Reporter: Ridwan Nanda Mulyana | Editor: Noverius Laoli
"Kita berharap menyentuh itu, tapi tidak otomatis 200 juta ton. Tentu nanti akan B to B, tergantung kontrak, pasar dan kebijakan kuota impor dari pemerintah Tiongkok," kata Hendra.
Adapun, kesepakatan tersebut berlaku dengan jangka waktu tiga tahun dengan kuantitas target yang dapat ditinjau setiap tahun. Dalam penandatangan MoU tersebut, hadir anggota APBI yang menjadi eksportir batubara ke China, yaitu Adaro, Bukit Asam, Kideco, Indo Tambangraya Megah, Multi Harapan Utama, Berau dan Toba Bara. Kesepakatan yang diraih bernilai US$ 1,46 miliar atau sekitar Rp 20,6 triliun.
Hendra menekankan, nilai riil dari ekspor tersebut akan bergantung pada harga pasar dan kesepakatan kontrak.

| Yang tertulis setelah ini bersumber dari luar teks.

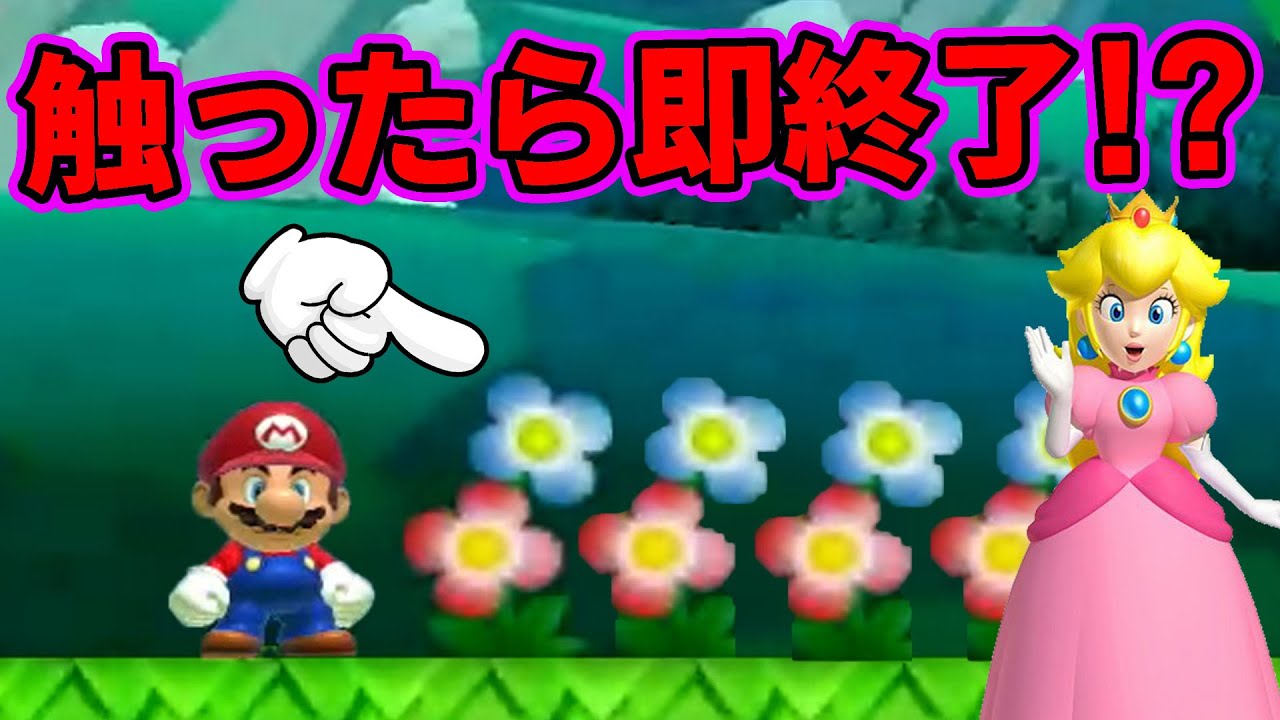 オブジェクトの花に触れると即終了のコースが存在した...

Yang pasti, itu bukan lah nilai keseluhan ekspor batubara Indonesia ke China.
MoU tersebut juga memfasilitasi perusahaan lainnya, bahkan non member APBI untuk bisa meningkatkan ekspor batubara ke China. "Jadi MoU ini kan diplomasi, kita berkirim sinyal, nanti ujungnya ditindak lanjuti B to B. Kita memberikan sentimen psoitif, bahwa peluang pasar China masih terbuka," sebut Hendra.
Baca Juga: Harga batubara acuan naik di akhir tahun, bagaimana prospek di 2021?
Terkait harga batubara, Sekretaris Perusahaan PT Bukit Asam Tbk (PTBA) Apollonius Andwie menilai, kenaikan HBA dalam 3 bulan beruntun menjadi sinyal positif bagi produsen batubara. Kata dia, kenaikan indeks harga merupakan hal yang dinantikan pelaku usaha sejak tren penurunan yang terjadi mulai April 2020.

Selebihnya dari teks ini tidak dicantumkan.